▸ **Exercise prompt**: Copy the entries without a single change. Pictures should be dropped.

== Records provided ==

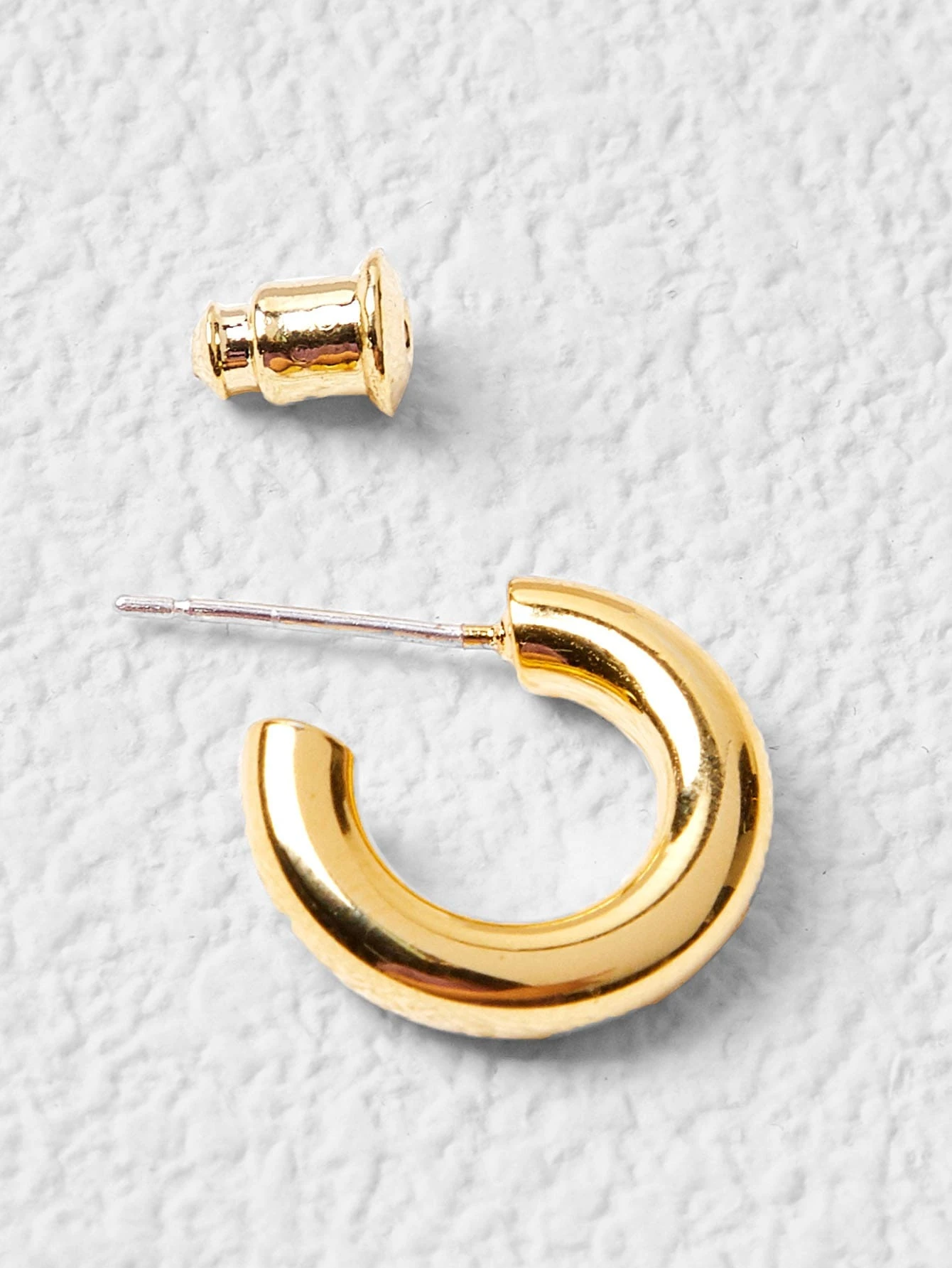 Minimalist hoop earrings, simple and versatile accessories with a clean and classic design, perfect for adding a touch of elegance and style to any outfit.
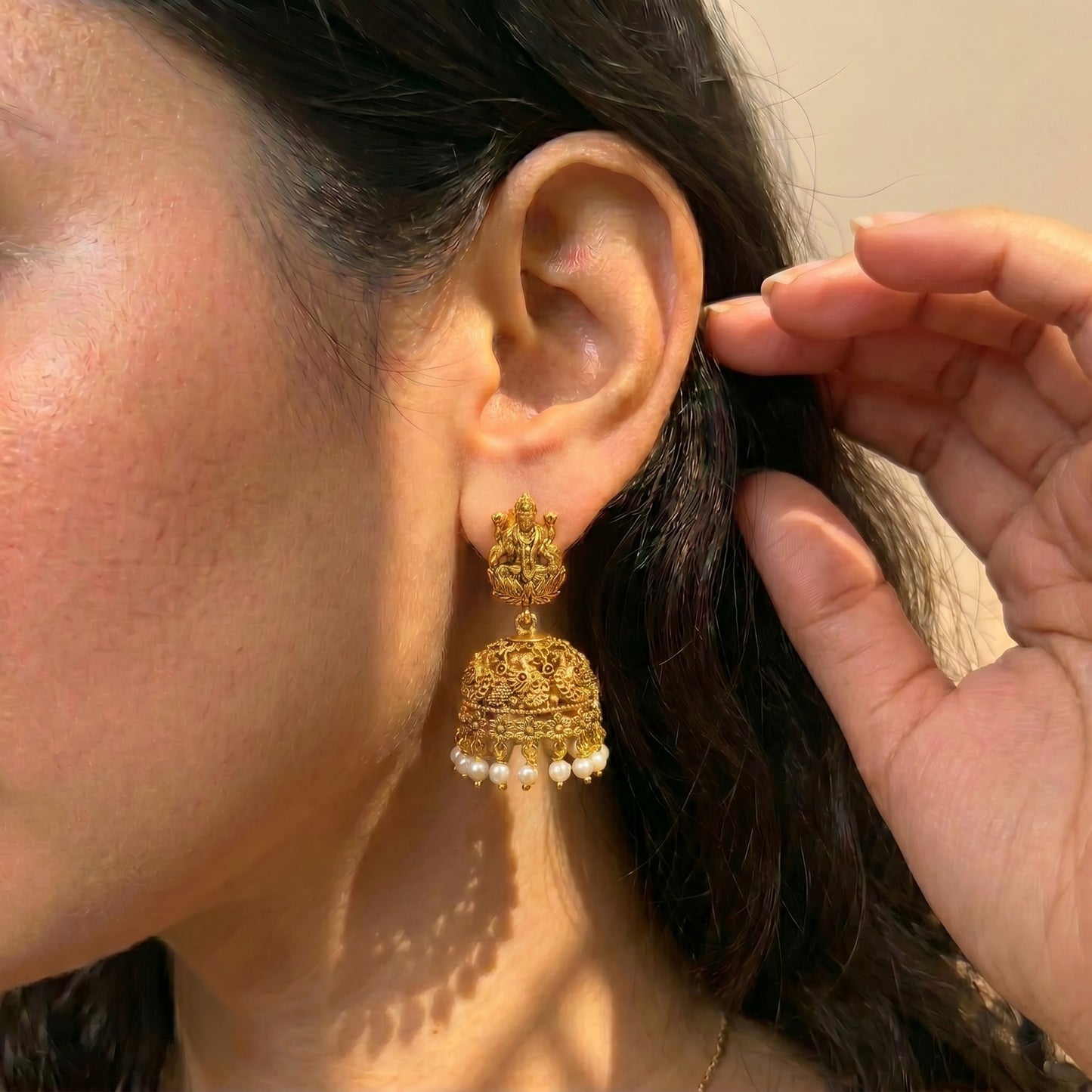 40443 matte jhumka with screw back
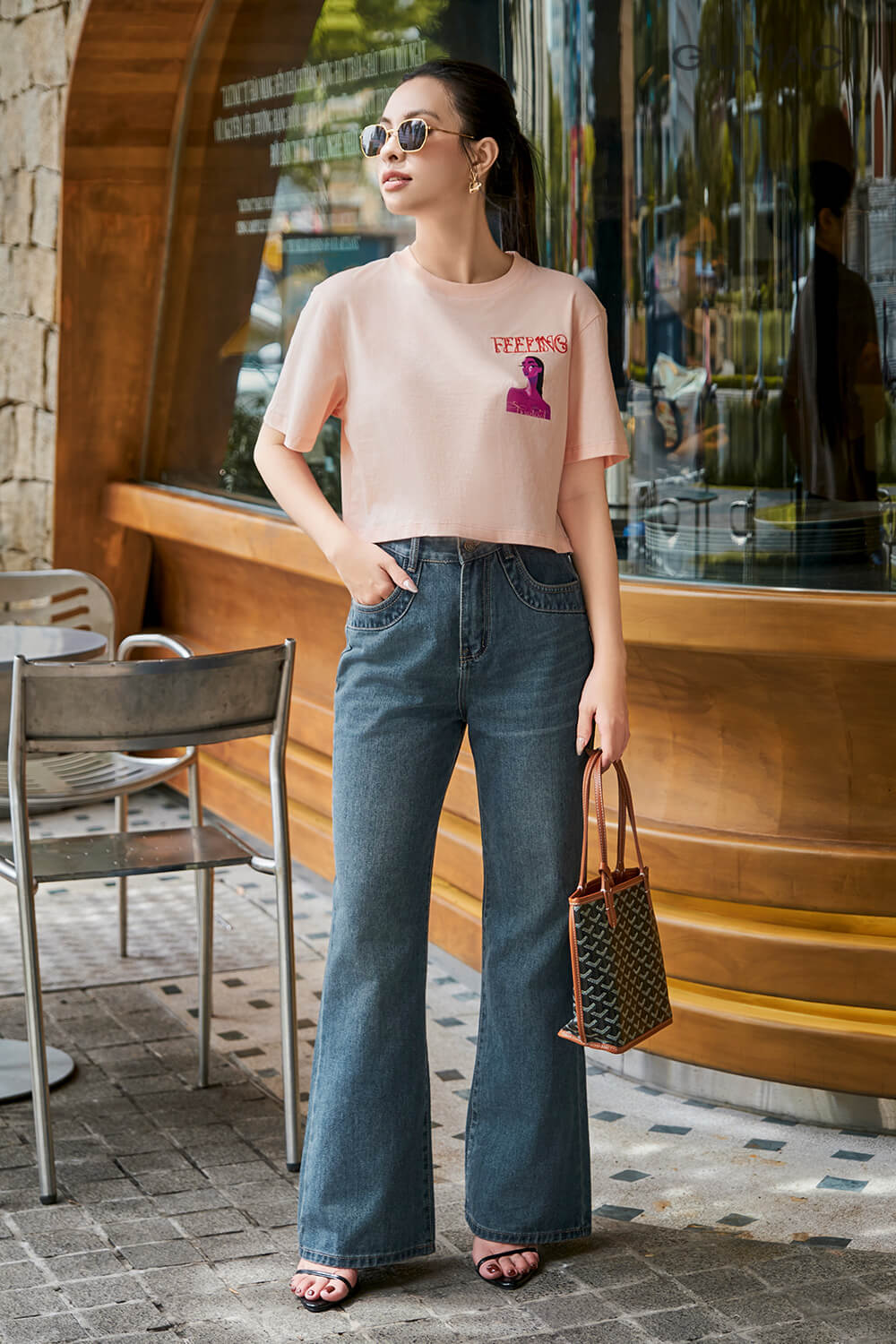 Quần bò ống loe phối với áo thun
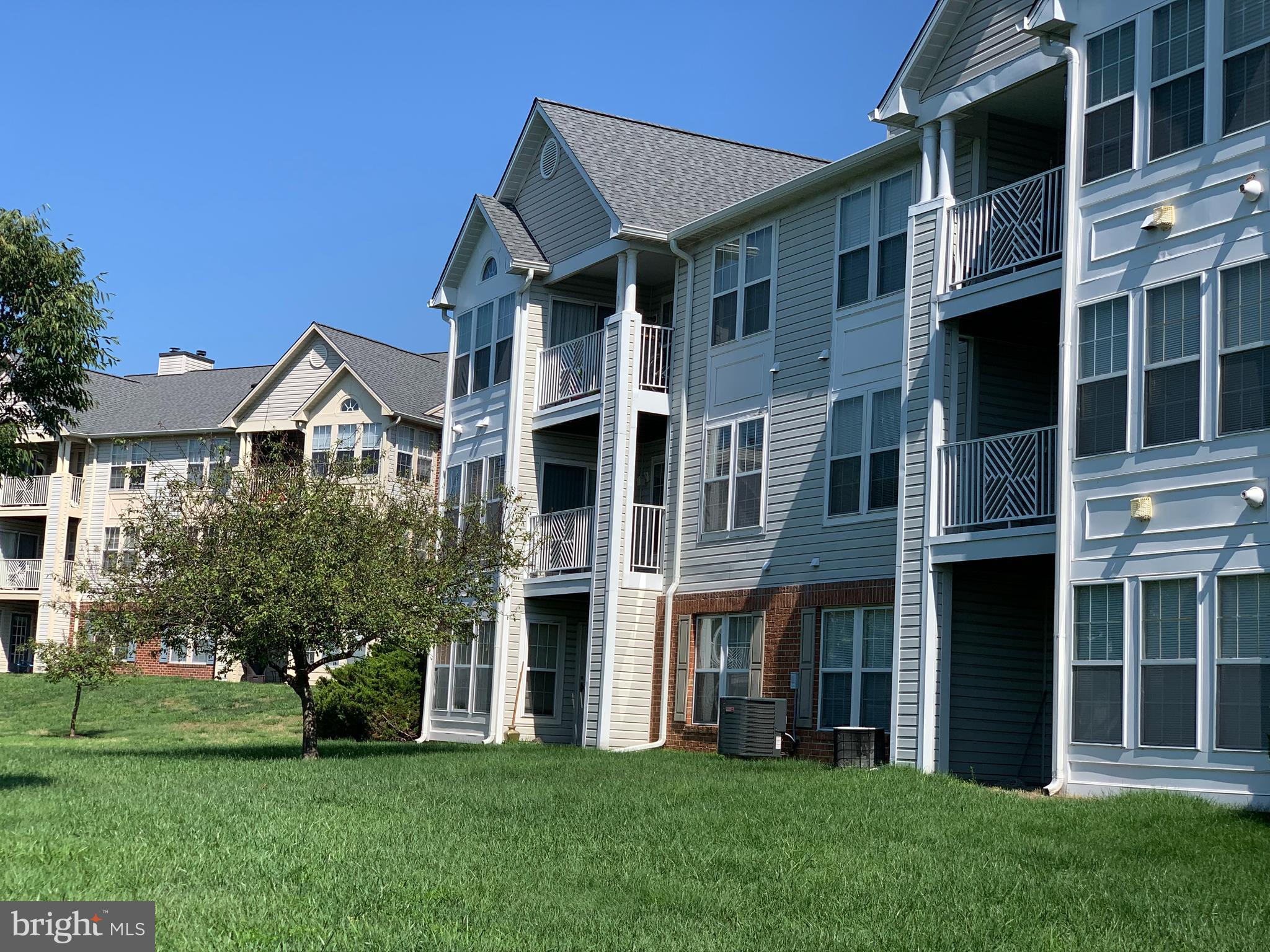 PINEY ORCHARD - Residential Lease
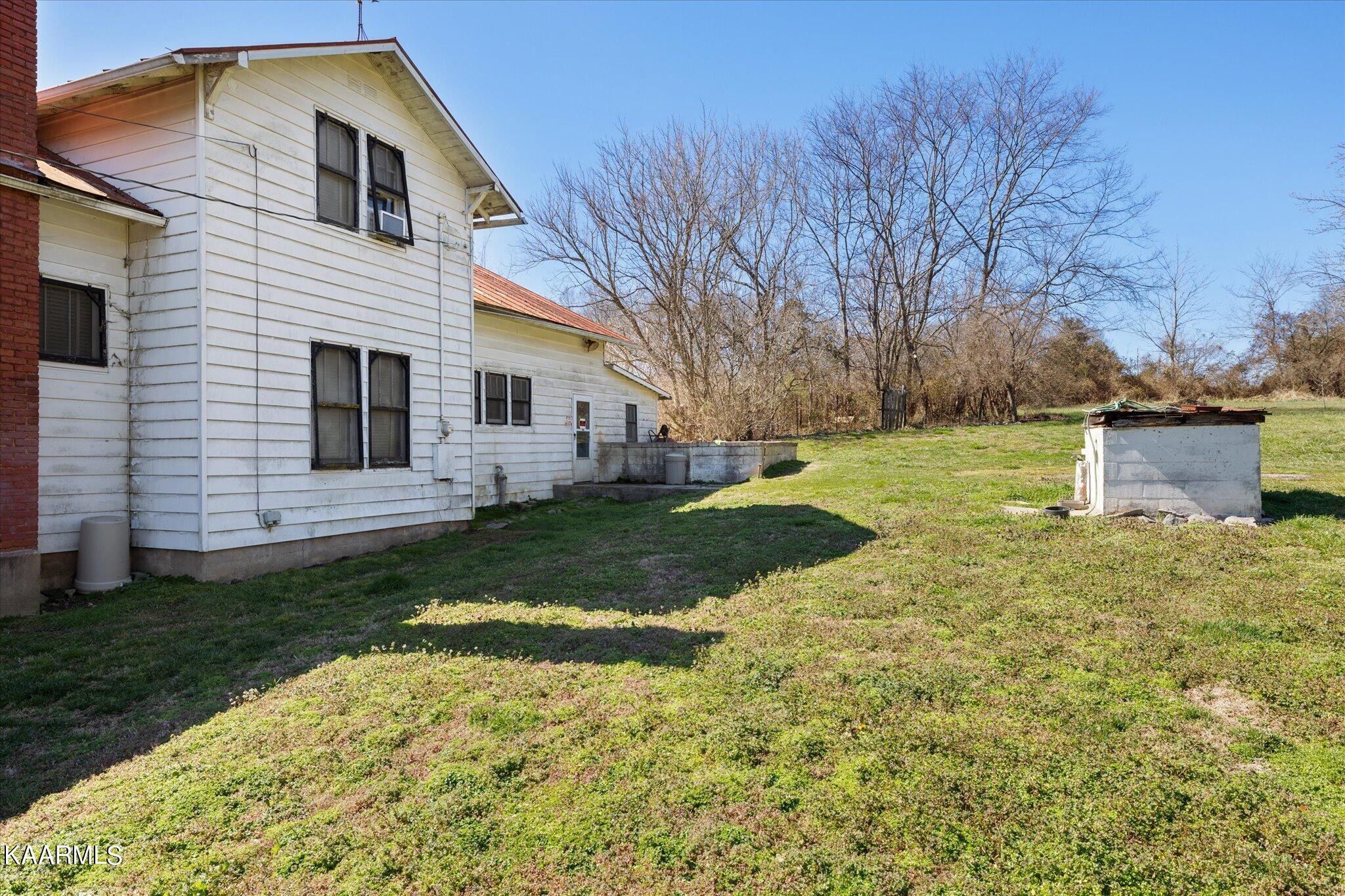 1363 Harold Patterson Road Dandridge, TN 37725 - Photo 3 of 12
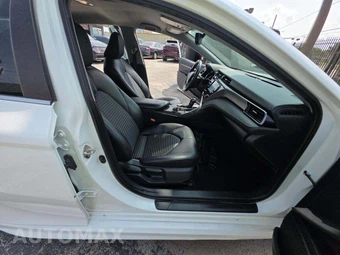2019 Toyota Camry SE - miniatura 18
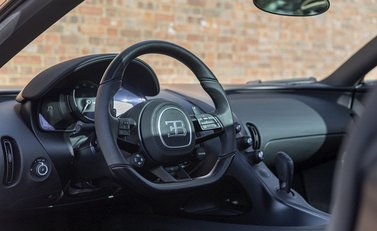 Bugatti Chiron Sport 'Noire Edition' 11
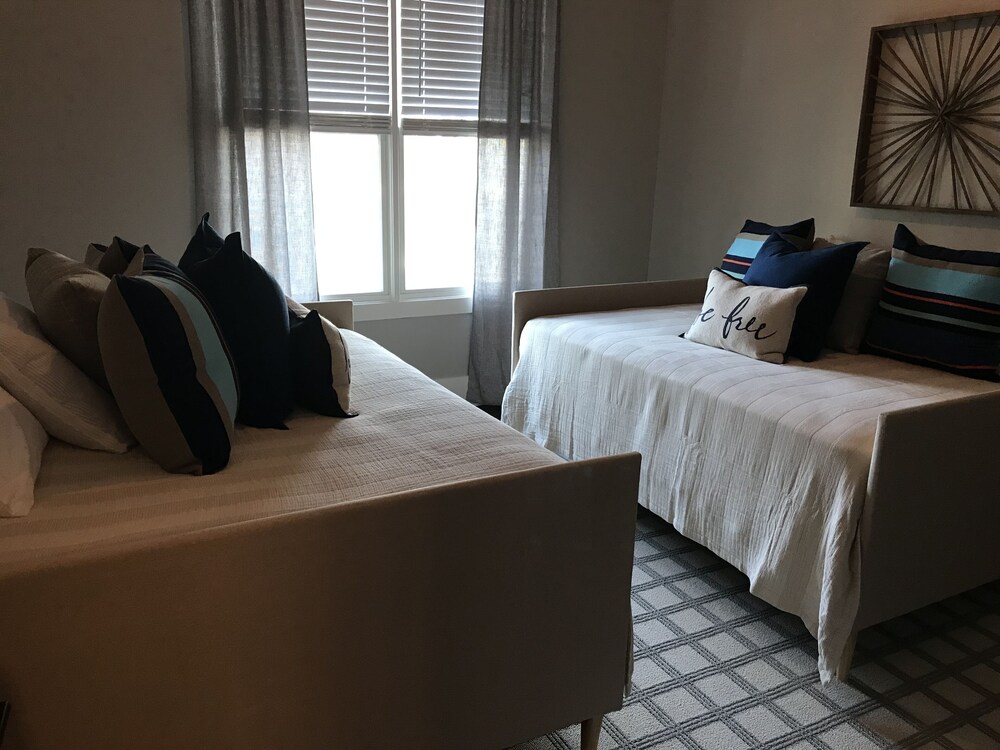 Lake Keowee, Waterfront, Dock, Close to Clemson University Oconee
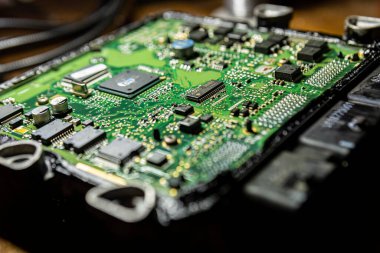 Araba tamiratı. Elektronik tahta tamiri
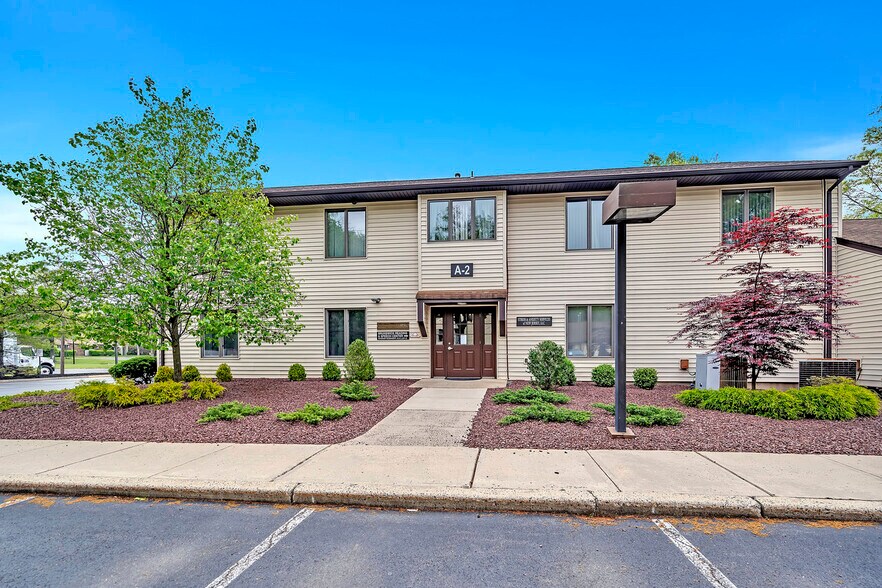 More Photos Of A2 Brier Hill Ct, East Brunswick Office For Lease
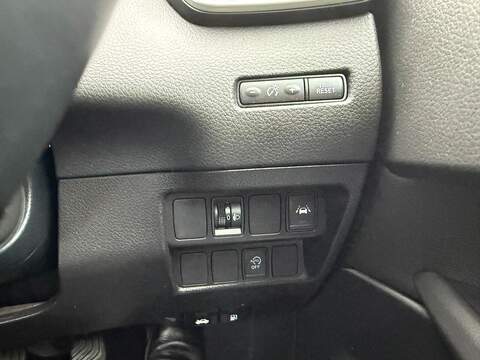 Nissan Qashqai DIG-T N-Connecta SUV 1.3 Manual Petrol - U79884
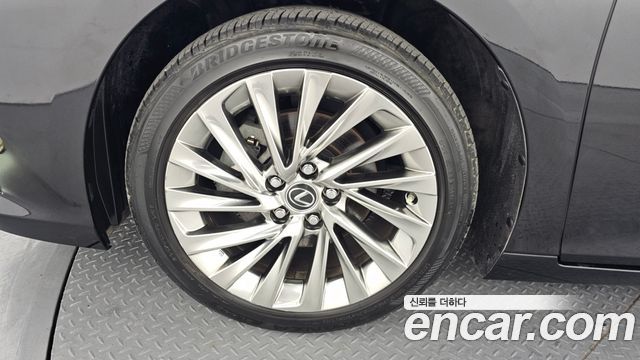 Lexus ES 7-го поколения Executive - фото 4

===

▸ **Answer for the task**:
 Minimalist hoop earrings, simple and versatile accessories with a clean and classic design, perfect for adding a touch of elegance and style to any outfit.
 40443 matte jhumka with screw back
 Quần bò ống loe phối với áo thun
 PINEY ORCHARD - Residential Lease
 1363 Harold Patterson Road Dandridge, TN 37725 - Photo 3 of 12
2019 Toyota Camry SE - miniatura 18
 Bugatti Chiron Sport 'Noire Edition' 11
 Lake Keowee, Waterfront, Dock, Close to Clemson University Oconee
 Araba tamiratı. Elektronik tahta tamiri
 More Photos Of A2 Brier Hill Ct, East Brunswick Office For Lease
 Nissan Qashqai DIG-T N-Connecta SUV 1.3 Manual Petrol - U79884
 Lexus ES 7-го поколения Executive - фото 4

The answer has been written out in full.